2 A Lesson from Jane Addams
September 6, 2016 — Back in 1919, at the end of the first World War, Jane Addams published an article called “Americanization” in the Publications of the American Sociological Society. She focused on the different ways in which the idea of “Americanization” was perceived before the War and after it. Before the war, she wrote,
“Americanism was then regarded as a great cultural task, and we eagerly sought to invent new instruments and methods with which to undertake it. We believed that America could be best understood by the immigrants if we ourselves, Americans, made some sort of a connection with their past history and experiences” (The Jane Addams Reader, p. 244).
However, after the war, she notes, “there is no doubt that one finds in the United States the same manifestation of the world-wide tendency toward national dogmatism, the exaltation of blind patriotism above intelligent citizenship . . .” (p. 245).
There is a lesson here for our times, when our national politics on almost every front (including, still today, immigration) has become weighed down by dogmatism, leaving us little space to find the middle path that makes democracy work. As Addams herself noted,
“When we confound doctrines with people, it shows that we understand neither one nor the other. Many men, not otherwise stupid, when they consider a doctrine detestable, failing to understand that changes can be made only by enlightening people, feel that they suppress the doctrine itself when they denounce and punish its adherents” (p. 246).

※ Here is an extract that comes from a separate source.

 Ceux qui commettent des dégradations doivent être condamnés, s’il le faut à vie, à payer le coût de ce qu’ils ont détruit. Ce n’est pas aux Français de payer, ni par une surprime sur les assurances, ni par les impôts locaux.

Too often, these days, our elected representatives feel themselves morally bound to adhere strictly to a dogmatic vision, either the one they campaigned on or the one held by the people who funded their elections. As a result, we have seen a virtual paralysis of government. American democracy is performed through argument and discussion, but ultimately achieved through negotiation and compromise–finding a common ground on which we can all agree to work together as a community.
As a first step, we need to ask our elected representatives to see their colleagues not as adherents to a different dogma, but as fellow citizens. In turn, they need to educate the public–and lobbyists–that their job is to advance the total community, not just their partisans. One place where that job can be engaged is in the news media. Too often, as has been said before in this blog, the news media serve to reinforce the differences in dogma rather than to help viewers find the middle ground where good policy can be developed.
We just began a new four-year political cycle. Let’s hope that Congress and the Administration can find a middle path and that the news media, rather than simply inviting the dogmatic extremists to butt heads on every issue, will foster a fair analysis that will help everyone educate themselves about what can truly be done to find common ground solutions.
Reference:
Elshtain, Jean Bethke (ed.). The Jane Addams Reader. New York: Basic Books, 2002.